> _TRY IT_:
Where in the records does the word "from" appear? Copy each line that holds it.

> _Web page caption snippets_:
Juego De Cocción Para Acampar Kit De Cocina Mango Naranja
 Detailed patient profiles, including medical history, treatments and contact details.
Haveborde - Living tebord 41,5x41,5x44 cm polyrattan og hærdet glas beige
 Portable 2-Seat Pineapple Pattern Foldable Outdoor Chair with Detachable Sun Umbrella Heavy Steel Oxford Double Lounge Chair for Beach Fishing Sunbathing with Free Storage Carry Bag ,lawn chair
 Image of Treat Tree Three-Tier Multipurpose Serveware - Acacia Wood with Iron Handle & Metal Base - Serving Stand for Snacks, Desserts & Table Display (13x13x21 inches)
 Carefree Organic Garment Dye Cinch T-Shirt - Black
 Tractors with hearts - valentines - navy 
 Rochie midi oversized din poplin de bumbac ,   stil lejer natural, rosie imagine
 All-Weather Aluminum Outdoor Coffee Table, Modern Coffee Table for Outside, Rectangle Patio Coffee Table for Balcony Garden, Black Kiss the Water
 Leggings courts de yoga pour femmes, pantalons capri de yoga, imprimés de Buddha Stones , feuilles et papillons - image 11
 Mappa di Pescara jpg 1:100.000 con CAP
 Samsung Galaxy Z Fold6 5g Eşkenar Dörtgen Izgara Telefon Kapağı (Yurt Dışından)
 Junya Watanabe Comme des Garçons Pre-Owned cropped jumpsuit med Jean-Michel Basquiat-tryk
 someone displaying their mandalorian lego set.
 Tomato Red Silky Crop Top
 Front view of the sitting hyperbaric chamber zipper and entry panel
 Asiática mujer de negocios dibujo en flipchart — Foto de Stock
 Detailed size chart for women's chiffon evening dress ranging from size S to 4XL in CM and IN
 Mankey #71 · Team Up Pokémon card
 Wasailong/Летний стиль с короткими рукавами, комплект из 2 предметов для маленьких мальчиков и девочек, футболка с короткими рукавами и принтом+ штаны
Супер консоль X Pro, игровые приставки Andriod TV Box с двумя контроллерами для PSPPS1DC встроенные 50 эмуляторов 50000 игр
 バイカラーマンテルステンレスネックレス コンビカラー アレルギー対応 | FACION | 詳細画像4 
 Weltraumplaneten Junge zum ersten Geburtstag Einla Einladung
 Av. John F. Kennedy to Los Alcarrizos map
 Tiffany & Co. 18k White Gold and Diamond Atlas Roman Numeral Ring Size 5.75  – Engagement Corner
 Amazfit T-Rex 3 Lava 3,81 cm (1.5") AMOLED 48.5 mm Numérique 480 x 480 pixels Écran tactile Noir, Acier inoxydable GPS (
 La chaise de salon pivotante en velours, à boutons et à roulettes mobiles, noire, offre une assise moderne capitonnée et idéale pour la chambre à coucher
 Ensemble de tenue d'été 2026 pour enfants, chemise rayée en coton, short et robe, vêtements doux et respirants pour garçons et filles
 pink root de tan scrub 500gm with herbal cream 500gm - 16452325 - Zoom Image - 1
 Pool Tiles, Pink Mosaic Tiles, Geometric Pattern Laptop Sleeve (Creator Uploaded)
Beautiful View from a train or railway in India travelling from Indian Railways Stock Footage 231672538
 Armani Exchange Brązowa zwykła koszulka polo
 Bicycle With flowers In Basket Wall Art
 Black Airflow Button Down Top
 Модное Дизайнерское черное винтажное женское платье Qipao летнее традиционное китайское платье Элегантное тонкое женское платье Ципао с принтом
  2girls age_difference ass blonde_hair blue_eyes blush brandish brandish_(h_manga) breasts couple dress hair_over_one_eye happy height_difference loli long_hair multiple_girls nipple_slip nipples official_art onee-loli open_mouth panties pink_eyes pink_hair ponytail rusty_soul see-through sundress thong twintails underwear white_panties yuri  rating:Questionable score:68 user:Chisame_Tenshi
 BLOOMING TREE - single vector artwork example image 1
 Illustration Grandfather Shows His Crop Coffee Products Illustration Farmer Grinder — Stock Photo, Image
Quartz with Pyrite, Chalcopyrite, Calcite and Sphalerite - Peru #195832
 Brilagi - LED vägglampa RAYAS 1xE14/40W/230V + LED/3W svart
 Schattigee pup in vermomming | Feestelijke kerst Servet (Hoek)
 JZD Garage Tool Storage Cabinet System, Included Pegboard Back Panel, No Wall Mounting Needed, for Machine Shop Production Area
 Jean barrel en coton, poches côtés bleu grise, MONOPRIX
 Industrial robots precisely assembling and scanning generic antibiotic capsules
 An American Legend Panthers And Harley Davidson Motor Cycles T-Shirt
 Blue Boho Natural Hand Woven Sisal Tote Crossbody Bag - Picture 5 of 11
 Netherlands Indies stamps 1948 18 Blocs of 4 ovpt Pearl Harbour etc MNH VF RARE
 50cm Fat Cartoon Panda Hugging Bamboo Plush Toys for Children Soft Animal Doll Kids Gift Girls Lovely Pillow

> _SOLUTION_:
 Detailed size chart for women's chiffon evening dress ranging from size S to 4XL in CM and IN
Beautiful View from a train or railway in India travelling from Indian Railways Stock Footage 231672538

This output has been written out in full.